Artificial Intelligence (AI) : Why Metrics Are Not Fair Enough
Classic software testing cannot be easily transferred to Artificial Intelligence (AI). Model governance and internal audits are necessary to ensure fairness.
The use of artificial intelligence (AI) brings with it responsibility. Transparency, explicability, and fairness are essential principles that must be guaranteed, as must the high performance of the AI system. It makes sense to focus on areas with a tradition of verifiable processes to meet these requirements. Although these processes do not function flawlessly, security standards cannot be implemented without them. This is most evident in safety-critical and regulated industries such as medicine, aerospace, and finance.
Similar to how these areas need processes to meet relevant requirements, a company that uses AI systems needs regulated processes through which it controls access to machine learning models (ML), implements guidelines and legal requirements, the interactions with the models and their results, and records on what basis a model was created. Overall, these processes are referred to as model governance. Model governance processes are to be implemented from the beginning in every phase of the ML life cycle (design, development, and operations). The author has commented in more detail elsewhere on the specific technical integration of model governance into the ML life cycle.
Audits As Standardized Review Processes In The Model Governance Framework
An essential part of model governance is audited to check whether AI systems comply with company policies, industry standards, or regulations. There are internal and external audits. The Gender Shades study discussed by the author in the article ” Ethics and artificial intelligence: a new way of dealing with AI systems ” is an example of an external audit process: It tested facial recognition systems from large providers about their accuracy about gender and ethnicity and was able to found a different precision of the model depending on race and gender.
However, this view is limited since external test processes only have access to model results but not to the underlying training data or model versions. These are valuable sources that companies must include in an internal audit process. These processes are designed to enable critical reflection on the potential impact. First of all, however, the basics of AI systems must be clarified at this point.

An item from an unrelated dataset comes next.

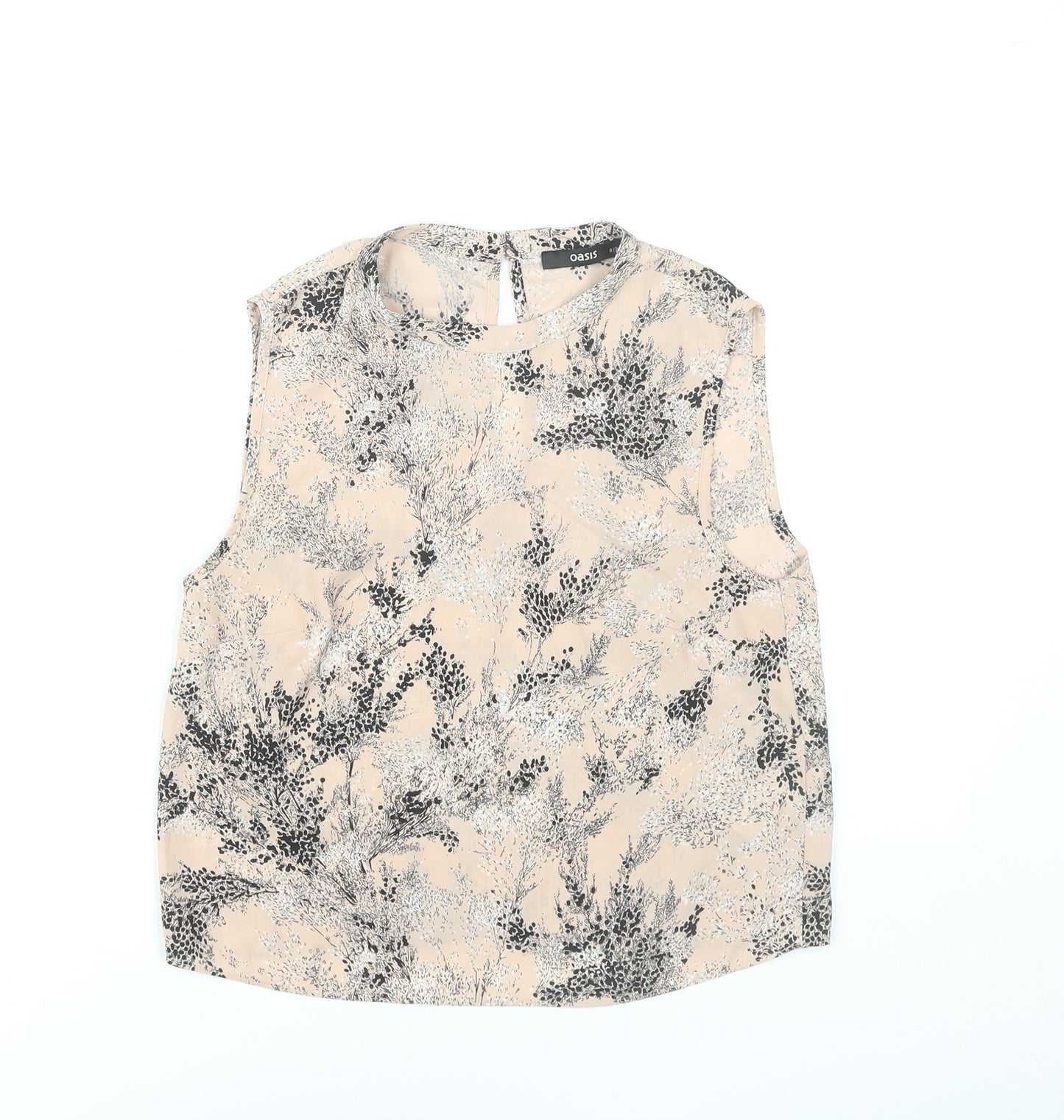 Oasis Womens Beige Floral Sleeveless Blouse Size 8 Polyester Top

Peculiarities Of AI Systems
To test AI software, it is essential to understand how machine learning works: Machine learning is a set of methods that computers use to make and improve predictions or behaviors based on data. ML models need to find a function that produces an output (label) for a given input to build these predictive models. The model requires training data that contains the appropriate work for the input data to do this. This learning is called “supervised learning.” In the training process, the model uses mathematical optimization methods to find a function that maps the strange relationship between input and output as well as possible.
An example of classification would be a sentiment analysis intended to examine whether tweets contain positive or negative moods (sentiments). In this case, input would be a single tweet, and the associated label would be the coded sentiment set for that tweet (−1 for negative, 1 for positive sentiment). In the training process, the algorithm uses this annotated training data to learn how to input data related to the label. After training, the algorithm can then independently assign new tweets to a class.
More Complex Components In The Machine Learning Area
Thus, an ML model learns the decision logic in the training process, rather than explicitly defining the sense in code with a sequence of typical if-then rules, as usual in software development. This fundamental difference between traditional and AI software means that methods of classic software testing cannot be directly transferred to Artificial Intelligence (AI) systems.